Work instructions: For this exercise, repeat exactly the lines below starting at the line holding "pencil , shirt" and ending at the line holding "55, GRANGE HILL, BONNIE", both included, with no extra lines and no pictures.

Input:
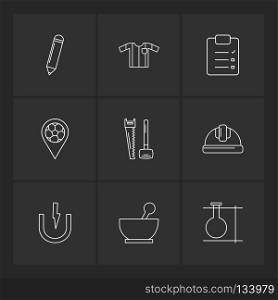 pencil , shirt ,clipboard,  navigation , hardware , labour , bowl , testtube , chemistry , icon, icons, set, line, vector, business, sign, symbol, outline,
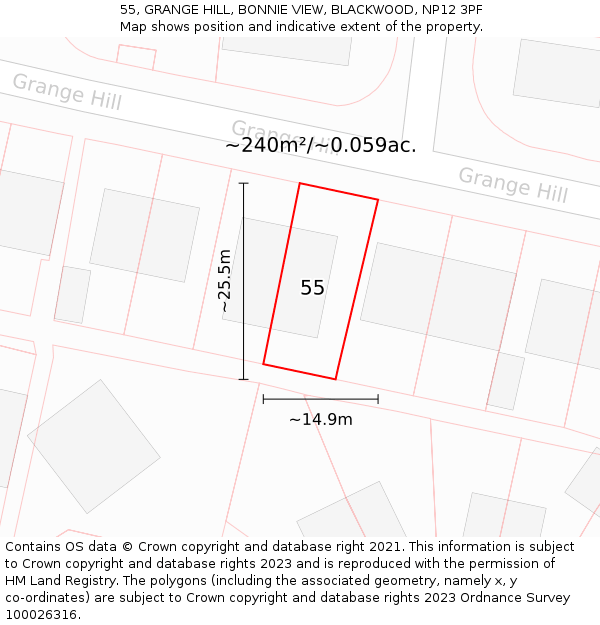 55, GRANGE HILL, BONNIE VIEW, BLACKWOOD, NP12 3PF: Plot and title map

==

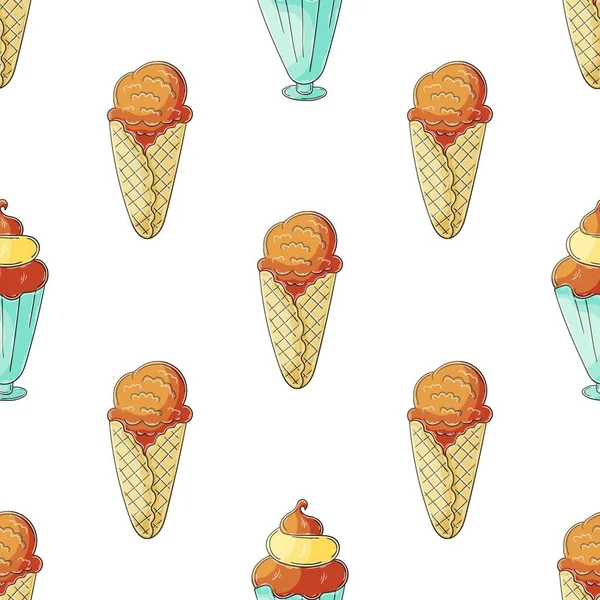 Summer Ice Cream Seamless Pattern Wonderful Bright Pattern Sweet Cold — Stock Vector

==

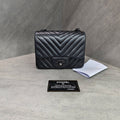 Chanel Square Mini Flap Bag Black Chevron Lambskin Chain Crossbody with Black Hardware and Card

Response below:
 pencil , shirt ,clipboard,  navigation , hardware , labour , bowl , testtube , chemistry , icon, icons, set, line, vector, business, sign, symbol, outline,
 55, GRANGE HILL, BONNIE VIEW, BLACKWOOD, NP12 3PF: Plot and title map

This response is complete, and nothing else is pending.